Jabari a déclaré que les Palestiniens préféraient vivre sous la souveraineté israélienne. «Nous voulons avoir les mêmes droits que les Palestiniens vivant sous la souveraineté israélienne à Jérusalem», a-t-il expliqué. «Bien sûr, ce serait mieux pour Israël s’il acceptait un État palestinien indépendant aux frontières de 1967. Mais aucun Premier ministre israélien n’oserait accepter une telle solution. En revanche, aucun dirigeant palestinien ne peut abandonner Jérusalem ou faire des concessions. « 

En février dernier, Jabari a participé à une conférence économique israélo-palestinienne à Jérusalem, où l’ambassadeur américain en Israël, David Friedman, était le principal orateur. Dans son discours, Friedman a décrit Jabari comme un « homme de courage, doté d’une vision pratique, mais voué à la paix et à la coexistence ». L’administration américaine, a déclaré Friedman, « ne pourrait pas demander un meilleur partenaire pour cet effort. Je suis fier de vous appeler mon ami. « Naturellement, l’Autorité palestinienne et le Fatah sont très mécontents et menacent Jabari et son parti. 

TheMarker rapporte que le 1er mai, le jour même où Jabari avait annoncé le parti, le Fatah avait publié un tract mettant en garde les habitants de Hébron contre tout contact avec son Parti de la réforme et du développement. 

Le dépliant a accusé les chefs du nouveau parti de soutenir la normalisation avec Israël et a indiqué qu’ils avaient récemment rencontré des Israéliens à Tel Aviv. 
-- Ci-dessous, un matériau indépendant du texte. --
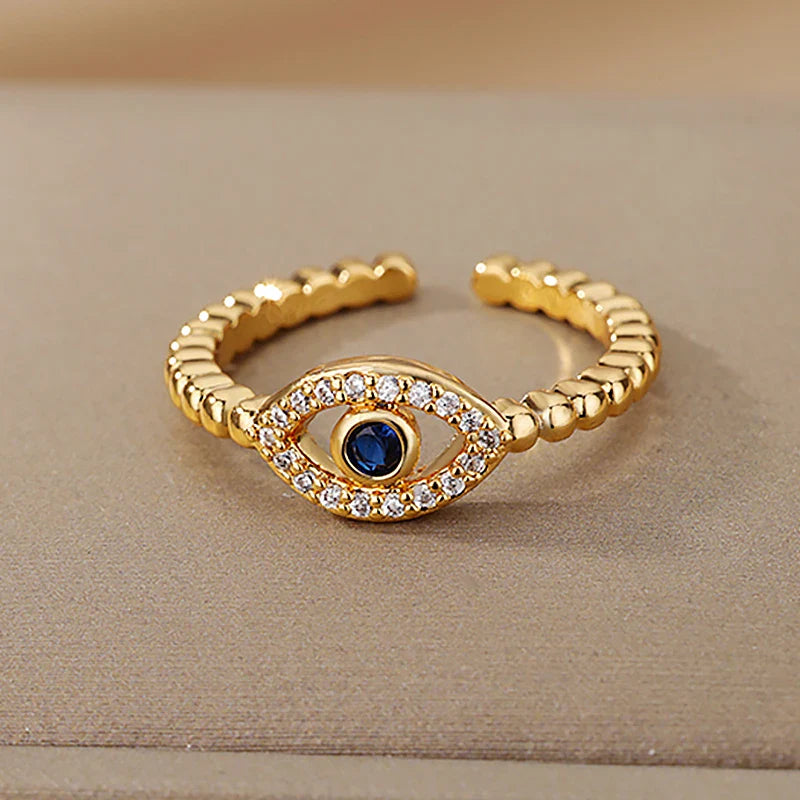 Bague Zircon Contre le Mauvais Oeil Nazar Boncuk or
« Le Fatah n’autorisera pas ces partis à se lever parce qu’ils appellent à la normalisation avec Israël et tentent de contourner la légitimité palestinienne et les factions nationales. Il éliminera l’existence du parti dans les 48 heures », a déclaré le responsable. 

Jabari affirme que le parti compte environ 5 000 militants dans toute la Cisjordanie.
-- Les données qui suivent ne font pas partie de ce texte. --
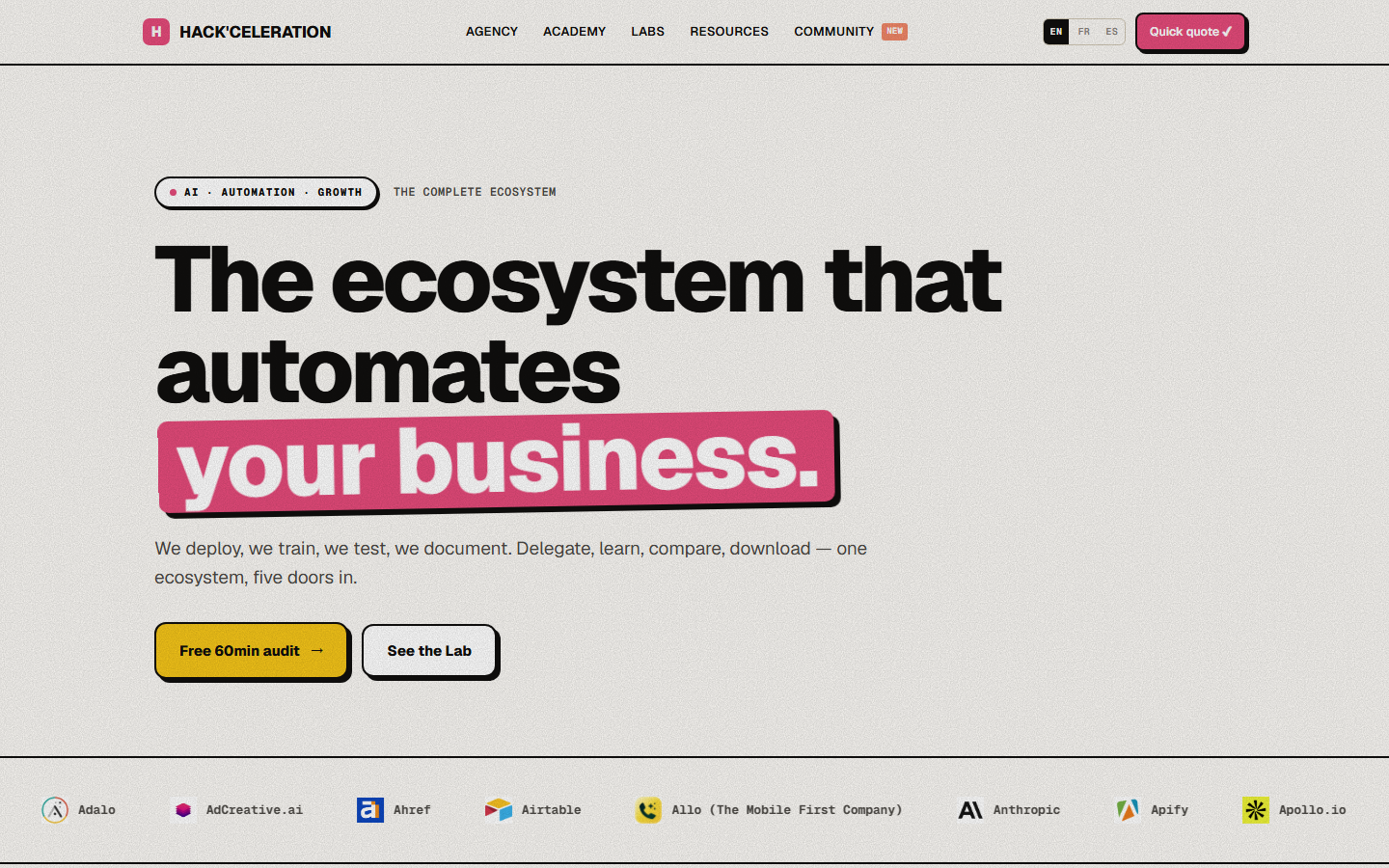 Aperçu du site de Hack'celeration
Le clan Jabari est bien connu pour entretenir de bonnes relations avec Israël et avec les Juifs en Judée-Samarie. Il est également fortement armé. Le Fatah cherche donc des moyens de le saper  l’opinion publique. 

Bien sûr, aucun média grand public palestinien ne rapporte sur la fondation de ce parti, car ils ne rapportent pas ce que le Fatah ne veut pas rapporter.